Anriette Esterhuysen (South Africa) is the Executive Director of the Association for Progressive Communications, an international networked organization established in 1990 that focuses on the use of information and communication technologies by civil society for social justice and development. She was Executive Director of SANGONeT, an internet service provider and ICT training institution for the development sector in South Africa from 1993 to 2000. Prior to that she worked in development and in human rights organisations involved in the struggle against Apartheid in South Africa. She is a founder of Women'sNet, a national women's network in South Africa and has served on the African Technical Advisory Committee of the UN's Economic Commission for Africa's African Information Society Initiative and on the United Nations ICT Task Force from 2002-5. She serves on the governing bodies of Isis Women's International Cross Cultural Exchange in Uganda, the Global e-Schools & Communities Initiative (GeSCI), and Ungana Afrika, a South African e-rider network.

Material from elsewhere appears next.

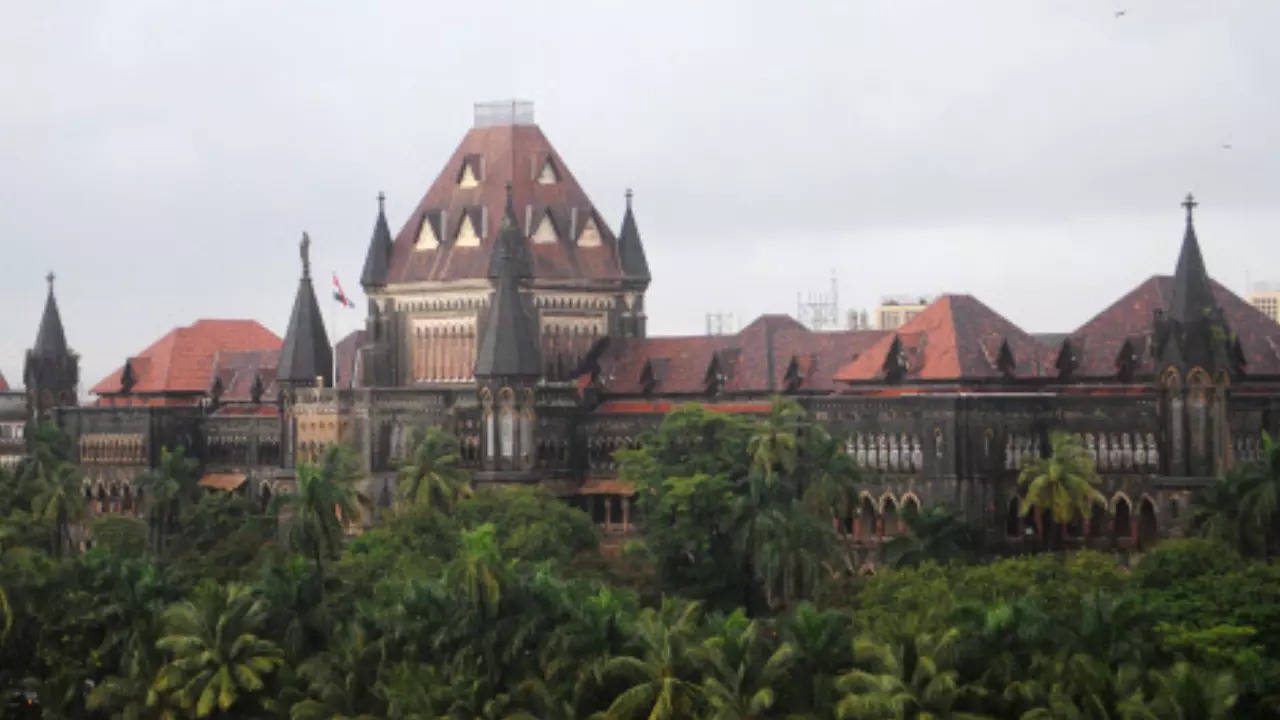 Bombay HC stays demolition of resort owned by Anil Parab aide | Mumbai News – Times of India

Peter H. Hellmonds is Head of Corporate Social Responsibility at Nokia Siemens Networks, and is based in Munich, Germany. Before assuming this position, he was Vice President of Public and International Affairs at the Communications group of Siemens AG in Germany. He is a member of the Public Affairs working group of BITKOM, the German ICT industry association, and leads the German Broadband Initiative, a special project of the German ICT Initiative D21. He was involved in the WSIS process, especially with regard to Internet Governance, IGF, and the WSIS Follow-up and Implementation. Peter also supported the World Economic Forum Digital Divide Initiative, the Digital Opportunities Task Force of the G8 and the UN ICT Task Force. In 2006, he was appointed to the Commission on E-Business, IT and Telecommunications of the ICC, the Communications Working Group of the German UNESCO Commission, and the Strategy Council of the UN Global Alliance for ICT and Development. Peter Hellmonds holds a Master of Public Affairs from the Princeton University, a Diploma in International Studies from Johns Hopkins University, and a Bachelor of Science in Foreign Service from Georgetown University.